Sanjeev comes clean. "If I am not driving, I have to manage the kids." Archana laughs. "He likes to drive and I'm the one to keep peace. That reminds me. Continuous driving is a guy thing. Women drivers want to stop from time to time, enjoy the food." Yeah, says Sanjeev. "She wants a three course meal on the way." Prabha rallies round Archana. "Harsha will just zip through non-stop. Another guy thing is the `thayir sadam' they want."

For all her driving and navigating skills, Prabha has no clue to how the car works. Archana doesn't either. "No need," says Harsha. "Today's car is so advanced that the tool-kit has only a screw driver. Break down? Just call." Ha, says Archana, "I called Sanjeev from Kodi and he screamed, `Why did you venture out on those roads?'" Sanjeev is smiling. "The words were nothing so mild. I called a mechanic." That's the point, says Prabha. "I'll never know if the guy takes me for a ride." Agrees Harsha. "With know-how you can tell the mechanic what to bring."
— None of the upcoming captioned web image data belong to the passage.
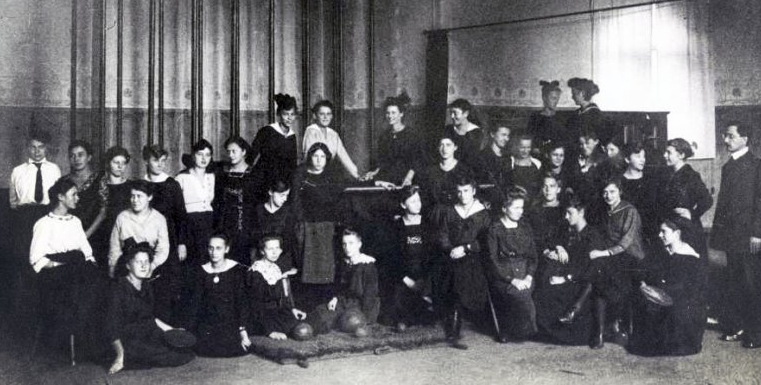 Graduating class of the “Höhere Mädchenschule”  (secondary school for girls) Bayreuth 1920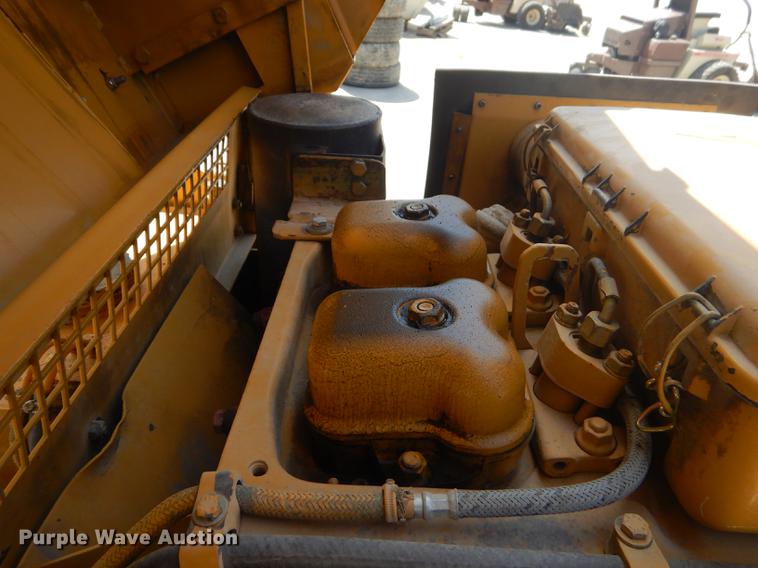 image for item ED9372 Caterpillar CB224B double drum vibratory roller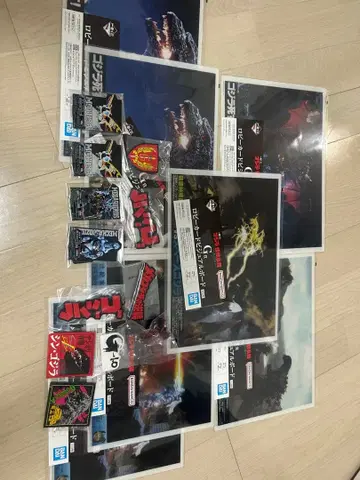 고질라 포스터와 캐릭터 굿즈 세트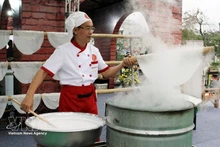 Рисовые листы, приготовленные традиционным способом в ремесленной деревне фо Ванкы общины Намдонг провинции Ниньбинь. Фото: ВИА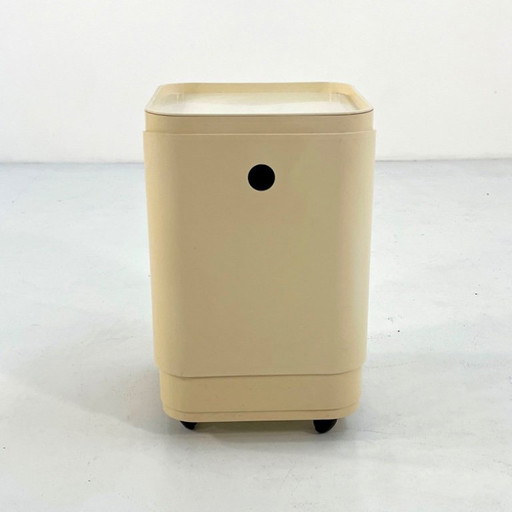 White Laundry Bin by Anna Castelli for Kartell, 1970s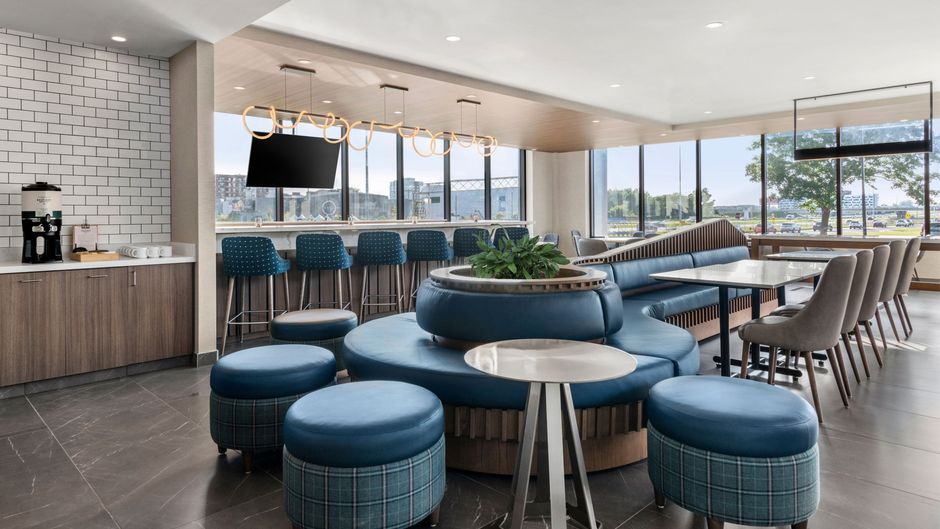 Residence Inn By Marriott Laval Restaurant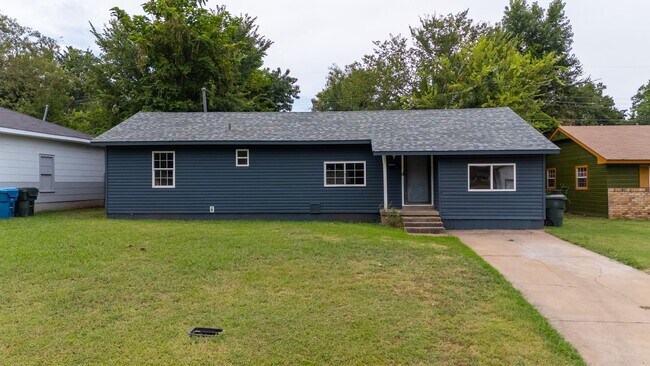 1040 Sycamore Dr in Midwest City, OK - Building Photo - Building Photo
In his years in the rallying circuit, Sanjeev has seen just one top female speed-rallyist. Harsha counted just five women among the 250 participants in a recent long-distance rally. About 1 per cent may have taken to this sport, thinks Prabha. More like 0.1 per cent, says Archana. "Women don't lack courage. I've seen a woman with a bashed door continue and win the race." Prabha is thinking out of the gearbox. "It has to do with our culture. A boy in high school is allowed to take the two-wheeler out. A girl gets the vehicle keys in college, but by that time, the boy has put in hours of practice." Sanjeev shifts gear. "Have you noticed the way women sit behind the wheel? They hold on to the steering wheel for life!" Harsha thinks it is a hangover from the Ambassador days. Prabha admits that her mom after 40 years of driving clings to the steering wheel. "That's because she is short," says Harsha.

Sanjeev and Archana aren't sure of the culture theory. "We give our kids the same opportunities. But whether it is the mini two wheeler or the go-cart, the son is a natural and the girl is stiff." Harsha has an explanation. "Women are emotional. If a car could talk, women would do excellent driving." "The 5 per cent is dominant in men," insists Archana. "The first word my son said was "vroom"! He could identify formula cars as a kid, something I still can't do." Dead end.


Archana moves into the prejudices highway. "Here was this woman with a U.K. licence. At the end of the rally, the guys said, `Hey, man, a woman beat us!' I've heard comments like, `What did you drive yaar, even Archana overtook you!' Harsha, however, finds himself in a "no-entry".

"They look at the driving and guess it's a woman, or see my hair and think the driving is bad." Prabha's solution. "When I feel low I take the car out and torture everyone on the road." (Hope Harsha keeps her happy.)

They are back at the starting line. "Rallyists are safe drivers. They watch the road. So can everyone else." Harsha has avoided accidents simply by processing the info around. "You aren't on a horse with blinkers on. It's a 40 horse-power machine," he says. Sanjeev hasn't had an accident in 20 years of driving. Probably because Archana is an excellent navigator.